Subscribe Us

header ads

A importância do ensino das artes na escola


No dia 3 de maio, o teatro, as artes visuais e a dança foram incorporados ao currículo do ensino básico brasileiro. Até então, apenas a música era componente “obrigatório, mas não exclusivo” do ensino de arte na Lei de Diretrizes e Bases da Educação Nacional. Escolas públicas e privadas têm cinco anos para se adequar aos novos padrões.

“A arte não é babado cultural, não é enfeite para botar em parede”, disse a professora Ana Mae Barbosa, uma das principais referências no estudo de arte-educação no Brasil. Em entrevista a ÉPOCA, a especialista comemorou a aprovação da lei e falou sobre a contribuição que o ensino de arte traz à aprendizagem. Entre eles, o desenvolvimento da capacidade de interpretação: “Ao interpretar, você amplia a sua inteligência e a sua capacidade perceptiva, que vai aplicar em qualquer área da vida”.
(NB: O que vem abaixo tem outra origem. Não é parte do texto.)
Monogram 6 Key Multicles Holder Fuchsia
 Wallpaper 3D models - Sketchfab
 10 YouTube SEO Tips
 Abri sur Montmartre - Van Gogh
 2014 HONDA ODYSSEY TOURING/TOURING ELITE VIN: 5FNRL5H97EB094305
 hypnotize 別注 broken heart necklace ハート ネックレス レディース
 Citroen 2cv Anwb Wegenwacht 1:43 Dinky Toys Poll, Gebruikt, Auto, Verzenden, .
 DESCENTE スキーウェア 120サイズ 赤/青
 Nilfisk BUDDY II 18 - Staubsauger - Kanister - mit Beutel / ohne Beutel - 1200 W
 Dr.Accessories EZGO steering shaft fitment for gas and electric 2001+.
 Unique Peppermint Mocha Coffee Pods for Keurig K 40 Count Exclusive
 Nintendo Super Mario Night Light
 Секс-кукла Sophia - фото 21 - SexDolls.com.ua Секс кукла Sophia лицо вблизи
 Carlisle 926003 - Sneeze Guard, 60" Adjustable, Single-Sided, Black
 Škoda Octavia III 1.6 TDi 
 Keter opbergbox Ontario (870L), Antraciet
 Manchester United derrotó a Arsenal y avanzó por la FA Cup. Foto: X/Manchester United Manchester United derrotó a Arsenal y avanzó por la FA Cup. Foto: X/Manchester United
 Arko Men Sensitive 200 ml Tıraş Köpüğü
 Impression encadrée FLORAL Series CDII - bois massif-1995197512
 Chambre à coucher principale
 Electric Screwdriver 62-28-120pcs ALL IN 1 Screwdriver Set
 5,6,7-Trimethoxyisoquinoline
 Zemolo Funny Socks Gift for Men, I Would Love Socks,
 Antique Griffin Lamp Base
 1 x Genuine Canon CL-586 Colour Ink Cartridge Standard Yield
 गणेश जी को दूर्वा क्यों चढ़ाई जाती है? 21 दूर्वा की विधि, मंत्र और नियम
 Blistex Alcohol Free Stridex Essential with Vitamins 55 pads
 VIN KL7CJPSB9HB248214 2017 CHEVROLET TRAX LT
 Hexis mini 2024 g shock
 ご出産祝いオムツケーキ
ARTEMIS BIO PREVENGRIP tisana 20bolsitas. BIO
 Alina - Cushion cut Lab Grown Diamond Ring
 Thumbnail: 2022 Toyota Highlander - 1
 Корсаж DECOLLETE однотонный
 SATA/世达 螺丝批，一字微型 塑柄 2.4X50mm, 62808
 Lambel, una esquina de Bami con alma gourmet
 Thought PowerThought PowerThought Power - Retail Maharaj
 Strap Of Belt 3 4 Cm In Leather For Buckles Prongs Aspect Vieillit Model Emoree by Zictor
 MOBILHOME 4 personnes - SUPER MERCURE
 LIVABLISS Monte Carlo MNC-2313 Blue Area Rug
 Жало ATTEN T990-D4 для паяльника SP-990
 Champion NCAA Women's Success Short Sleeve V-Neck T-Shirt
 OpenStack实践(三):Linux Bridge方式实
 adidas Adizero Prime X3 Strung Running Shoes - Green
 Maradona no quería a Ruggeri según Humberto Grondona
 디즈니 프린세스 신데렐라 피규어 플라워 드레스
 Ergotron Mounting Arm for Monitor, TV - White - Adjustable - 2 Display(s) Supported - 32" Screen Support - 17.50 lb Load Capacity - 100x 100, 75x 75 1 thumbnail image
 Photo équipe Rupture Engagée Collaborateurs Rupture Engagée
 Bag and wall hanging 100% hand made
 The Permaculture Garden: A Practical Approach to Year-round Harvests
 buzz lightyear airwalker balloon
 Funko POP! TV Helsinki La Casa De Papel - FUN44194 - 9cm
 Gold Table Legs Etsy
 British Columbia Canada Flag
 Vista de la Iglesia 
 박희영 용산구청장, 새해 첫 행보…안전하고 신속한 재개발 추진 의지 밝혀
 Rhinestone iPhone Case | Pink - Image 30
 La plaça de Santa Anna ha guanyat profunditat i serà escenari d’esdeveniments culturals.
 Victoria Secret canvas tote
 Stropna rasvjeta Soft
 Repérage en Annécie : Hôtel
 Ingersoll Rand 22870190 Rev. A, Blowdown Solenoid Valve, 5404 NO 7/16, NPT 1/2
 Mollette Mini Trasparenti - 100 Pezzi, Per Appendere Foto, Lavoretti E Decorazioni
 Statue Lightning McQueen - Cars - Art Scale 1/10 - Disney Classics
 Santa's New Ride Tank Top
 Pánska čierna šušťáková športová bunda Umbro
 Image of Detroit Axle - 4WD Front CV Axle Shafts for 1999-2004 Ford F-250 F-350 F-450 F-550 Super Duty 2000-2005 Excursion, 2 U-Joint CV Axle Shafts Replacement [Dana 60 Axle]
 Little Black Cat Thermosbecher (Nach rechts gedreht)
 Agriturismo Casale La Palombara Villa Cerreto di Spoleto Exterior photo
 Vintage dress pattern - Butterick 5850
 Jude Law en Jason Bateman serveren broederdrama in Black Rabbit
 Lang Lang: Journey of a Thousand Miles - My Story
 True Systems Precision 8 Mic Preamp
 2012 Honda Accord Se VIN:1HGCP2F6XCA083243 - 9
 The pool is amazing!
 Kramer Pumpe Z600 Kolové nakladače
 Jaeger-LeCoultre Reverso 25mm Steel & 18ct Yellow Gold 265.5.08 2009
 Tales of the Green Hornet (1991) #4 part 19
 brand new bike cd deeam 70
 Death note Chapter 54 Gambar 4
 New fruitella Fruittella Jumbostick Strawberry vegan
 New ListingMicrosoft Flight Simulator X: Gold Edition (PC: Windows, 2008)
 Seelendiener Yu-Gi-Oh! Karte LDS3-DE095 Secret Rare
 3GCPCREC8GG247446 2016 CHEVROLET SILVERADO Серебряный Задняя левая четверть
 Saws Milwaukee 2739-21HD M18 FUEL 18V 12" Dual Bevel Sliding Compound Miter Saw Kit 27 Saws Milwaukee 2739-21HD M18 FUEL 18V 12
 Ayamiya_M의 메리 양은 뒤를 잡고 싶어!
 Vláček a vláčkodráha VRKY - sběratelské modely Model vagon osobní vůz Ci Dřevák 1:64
Apesar de enxergar a mudança com otimismo, Ana Mae faz uma ressalva: "A batalha ainda não está ganha. A gente continua a discutir as Bases Nacionais Curriculares Comuns, que querem fazer das artes meros subcomponentes do currículo". A professora, que criou um abaixo-assinado contra o texto provisório da Base, disse que, como está, o documento abre espaço para uma abordagem superficial das artes e para a não contratação de professores especialistas.

ÉPOCA - Qual a importância do ensino de música, artes visuais, dança e teatro na educação básica?

Ana Mae Barbosa - É absolutamente importante o contato com a arte por crianças e adolescentes. Primeiro, porque no processo de conhecimento da arte são envolvidos, além da inteligência e do raciocínio, o afetivo e o emocional, que estão sempre fora do currículo escolar. A minha geração fez sua educação emocional a partir de filmes de Hollywood, o que é uma barbaridade. Não se conversava sobre sentimentos na escola. Segundo, porque a arte estimula o desenvolvimento da inteligência racional, medida pelo teste de QI. O pesquisador Janes Catteral estudou a influência da aprendizagem de arte na inteligência, que será aplicada a qualquer outra disciplina. Além disso, grande parte da produção artística é feita no coletivo. Isso desenvolve o trabalho em grupo e a criatividade.

ÉPOCA - A música já era obrigatória no currículo. Qual será a contribuição de cada uma das artes que agora também fazem parte dele?

Ana Mae - As artes são linguagens que complementam a linguagem verbal. Susanne Langer, especialista em filosofia da arte, diz que existem três diferentes linguagens: a verbal, a científica e a presentacional. A linguagem presentacional é aquela que você não consegue traduzir em outras linguagens. Ela está presente na arte, que articula a vida emocional do ser humano. Um indivíduo com essas três linguagens bem desenvolvidas está apto a conhecer plenamente as outras áreas do conhecimento, a aproveitar mais o mundo que o cerca. Tirar o aluno da cadeira significa expandir seus sentidos.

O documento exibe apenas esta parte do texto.